Progesteron dianggap berperan dalam mengatur pergantian epitel mukosa mulut
9. Gangguan Imunologi
Tidak ada teori yang seragam tentang adanya imunopatogenesis dari SAR, adanya
disregulasi imun dapat memegang peranan terjadinya SAR. Salah satu penelitian
mungungkapkan bahwa adanya respon imun yang berlebihan pada pasien SAR sehingga
menyebabkan ulserasi lokal pada mukosa. Respon imun itu berupa aksi sitotoksin dari limfosit
dan monosit pada mukosa mulut dimana pemicunya tidak diketahui.16 Menurut Bazrafshani
dkk, terdapat pengaruh dari IL-1B dan IL-6 terhadap resiko terjadinya SAR. Menurut Martinez
dkk, pada SAR terdapat adanya hubungan dengan pengeluaran IgA, total protein, dan aliran
saliva. Sedangkan menurut Albanidou-Farmaki dkk, terdapat karakteristik sel T tipe 1 dan tipe 2
pada penderita SAR.
10. Penggunaan gigi tiruan yang tidak pas atau ada bagian dari gigi tiruan yang mengiritasi jaringan
lunak.
11. Genetik
Faktor ini dianggap mempunyai peranan yang sangat besar pada pasien yang menderita
SAR. Faktor genetik SAR diduga berhubungan dengan peningkatan jumlah human leucocyte
antigen (HLA), namun beberapa ahli masih menolak hal tersebut. HLA menyerang sel-sel
melalui mekanisme sitotoksik dengan jalan mengaktifkan sel mononukleus ke epitelium.9,16,26
Sicrus (1957) berpendapat bahwa bila kedua orangtua menderita SAR maka besar kemungkinan
timbul SAR pada anak-anaknya. Pasien dengan riwayat keluarga SAR akan menderita SAR
sejak usia muda dan lebih berat dibandingkan pasien tanpa riwayat keluarga SAR.

2.6 Patofisiologi
Tubuh manusia memiliki pertahanan tubuh alamiah yaitu sistem laktoperoksidase (LP-
system) yang mampu mempertahankan tubuh terhadap serangan infeksi mikroorganisme. Sistem
laktoperoksidase (LP-system) terdapat pada saliva atau ludah manusia.
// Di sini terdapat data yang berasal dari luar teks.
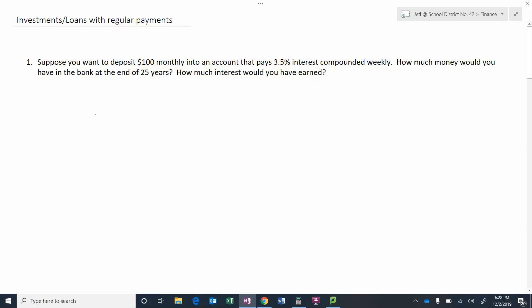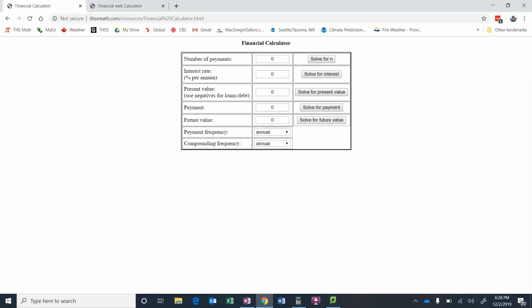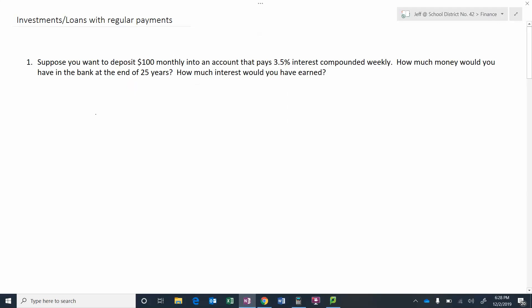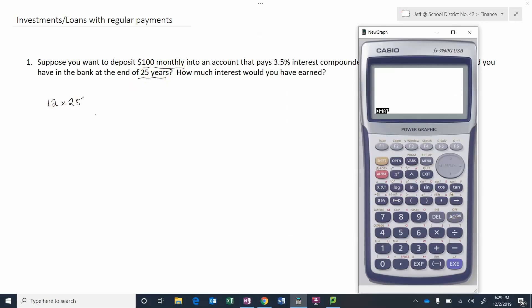To figure out how much money we'd have at the end of 25 years, we're going to need a financial calculator because there are a lot of calculations involved. The first thing it asks for is the number of payments. Since we're paying monthly for 25 years, the number of payments is 12 months times 25 years, which equals 300 payments.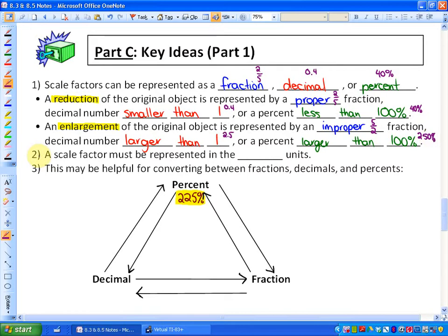Another important thing in this key idea is that a scale factor, before you determine or use it, must be represented in the same type of units. You'll see that in the first example we go over in just a minute.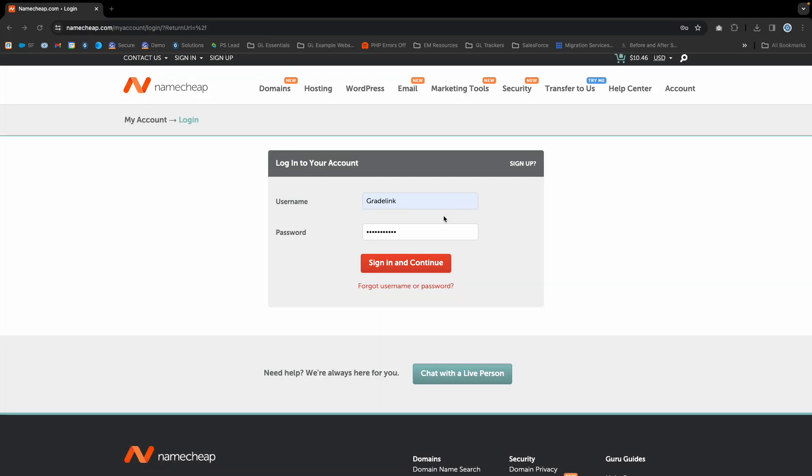Welcome to another video from Gradelink Websites. In this video, we'll show you the exact steps to delegate access to another person or the Gradelink Website team from your Namecheap account.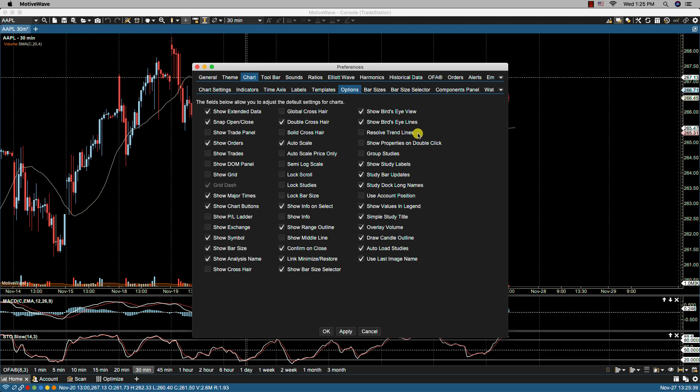When drawing trend lines in MotiveWave, MotiveWave will attempt to load enough data to properly display all the trend lines on the chart. By default it will estimate where the starting point of a trend line is based on the available data. By selecting this option you're forcing MotiveWave to load all the data going back to the beginning of the trend lines to improve the accuracy of the plot. Let me show you what I mean by that.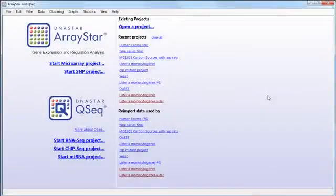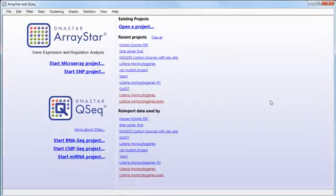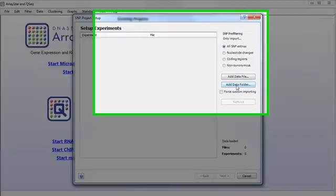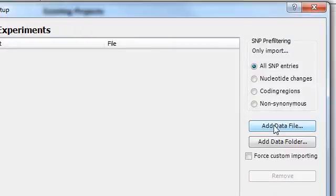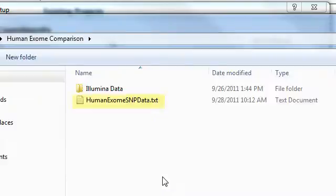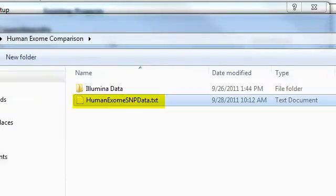Once the SNP report has been exported, we can open it in ArrayStar by selecting Start SNP Project, then clicking on Add Data File, and selecting the text file that we just exported.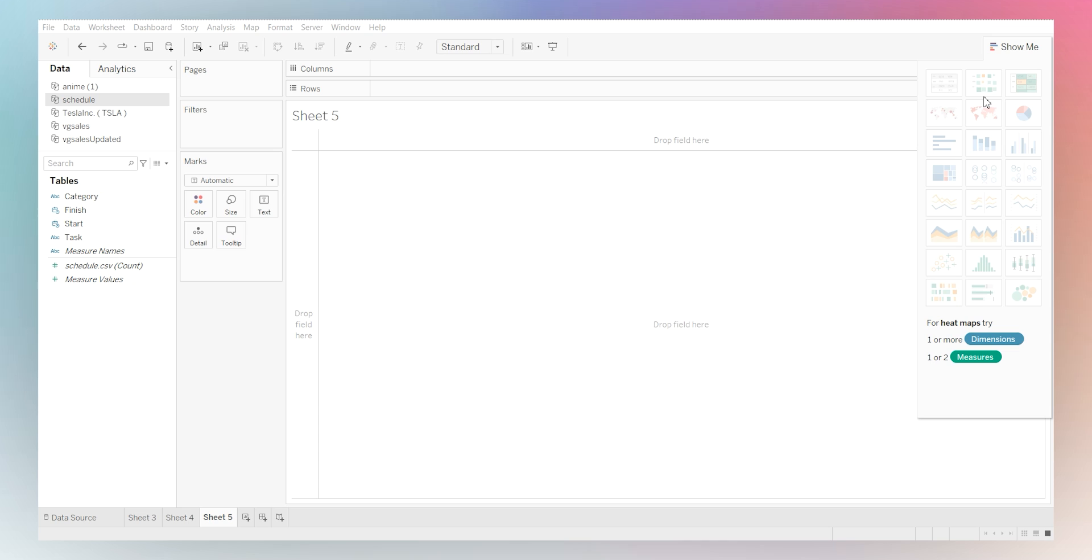Hello everyone, today we are going to be diving into the world of Gantt Charts. Gantt Charts are an excellent way to visualize timelines and project schedules.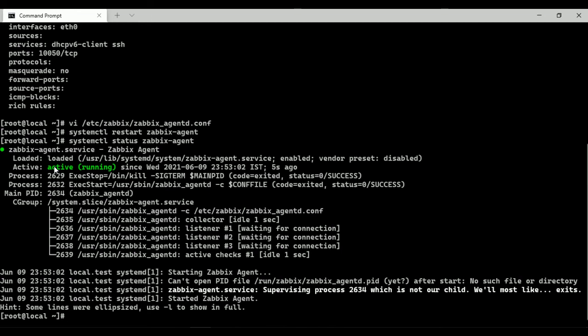In next video I will show you how to add Linux host to the Zabbix monitoring system and link for this is provided in the video description. Thanks for watching the video.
LP system
mempertahankan tubuh dengan cara berfungsi sebagai bakteriostatis terhadap bakteri mulut dan
bakteriosid terhadap bakteri (Rensburg:1995).
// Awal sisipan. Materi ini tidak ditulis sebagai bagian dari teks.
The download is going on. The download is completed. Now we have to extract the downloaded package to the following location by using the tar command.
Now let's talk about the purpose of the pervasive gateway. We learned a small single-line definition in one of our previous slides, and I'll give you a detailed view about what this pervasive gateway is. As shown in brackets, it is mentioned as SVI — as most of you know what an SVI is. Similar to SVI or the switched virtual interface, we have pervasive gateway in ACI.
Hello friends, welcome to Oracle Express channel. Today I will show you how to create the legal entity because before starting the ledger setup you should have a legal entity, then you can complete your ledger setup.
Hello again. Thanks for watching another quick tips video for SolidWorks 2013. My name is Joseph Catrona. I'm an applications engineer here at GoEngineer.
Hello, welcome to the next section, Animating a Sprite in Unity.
Bakteri di dalam mulut dapat berkembang biak tidak terkontrol karena sistem
laktoperoksidase yang merupakan pertahanan alami dalam saliva umumnya rusak. Hal ini
dikarenakan seringnya mengonsumsi makanan yang mengandung zat-zat kimia (perasa,
pewarna, pengawet) bahkan yang memakai zat pembasmi hama/antiseptik dan makanan panas
atau pedas. Pemakaian antiseptik pada obat kumur atau pasta gigi juga dapat merusakkan LP
system, sebab antiseptik ini bersifat bakteriosid sehingga dapat membunuh semua bakteri yang
berada di dalam rongga mulut, yang dapat mengakibatkan sekitar mukosa mulut menjadi rusak
kemudian menghasilkan ulserasi local.
Mulut merupakan pintu gerbang masuknya kuman-kuman atau rangsangan-rangsangan yang
bersifat merusak. Dilain pihak mulut tidak dapat melepaskan diri dari masuknya berbagai jenis
kuman ataupun berbagai pengaruh rangsangan antigenik yang bersifat merusak. Rangsangan
perusak yang masuk dalam mulut akan ditanggapi oleh tubuh baik secara lokal atau sistemik.
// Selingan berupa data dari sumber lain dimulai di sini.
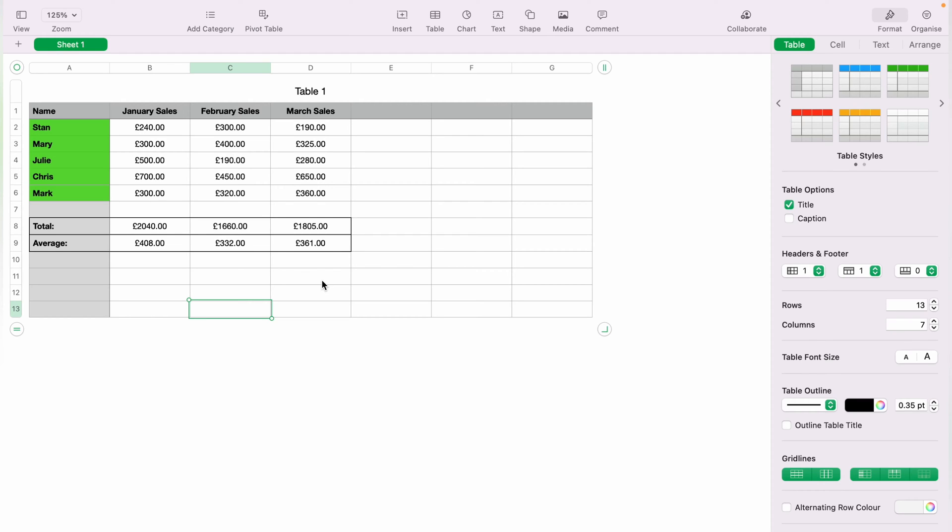In today's Apple Numbers spreadsheet demonstration, I'm going to show you how to add rows into the spreadsheet. So here we have a very basic spreadsheet.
Kemudian secara normal dapat dieleminasi melalui aksi fagositosis. Reaksi tubuh terhadap
rangsangan yang merusak itu bertujuan untuk mengurangi atau meniadakan peradangan tersebut.
Tetapi kadang-kadang reaksi jaringan amat berlebih, melebihi porsi stimulusnya sendiri sehingga
reaksi pertahanan yang tadinya dimaksudkan untuk melindungi struktur dan fungsi jaringan
justru berakhir dengan kerusakan jaringan sendiri terutama pada mukosa mulut.
Dalam keadaan psikologis yang terganngu (trauma/stres) terjadi ketidak seimbangan
immunologik yang melahirkan fenomena alergi dan defisiensi immunologi dengan efek
kerusakan-kerusakan yang menyangkut komponen vaskuler, seluler dan matriks daripada
jaringan. Dalam hal ini sistem imun (pelepasan mediator aktif dari aksi-aksi komplemen,
makrofag, sel plasma, sel limposit dan leukosit, histamin, serta prostaglandin )yang telah
dibangkitkan untuk melawan benda asing oleh porsi reaksi yang tidak seimbang akhirnya ikut
merusak jaringan-jaringan sendiri disekitarnya.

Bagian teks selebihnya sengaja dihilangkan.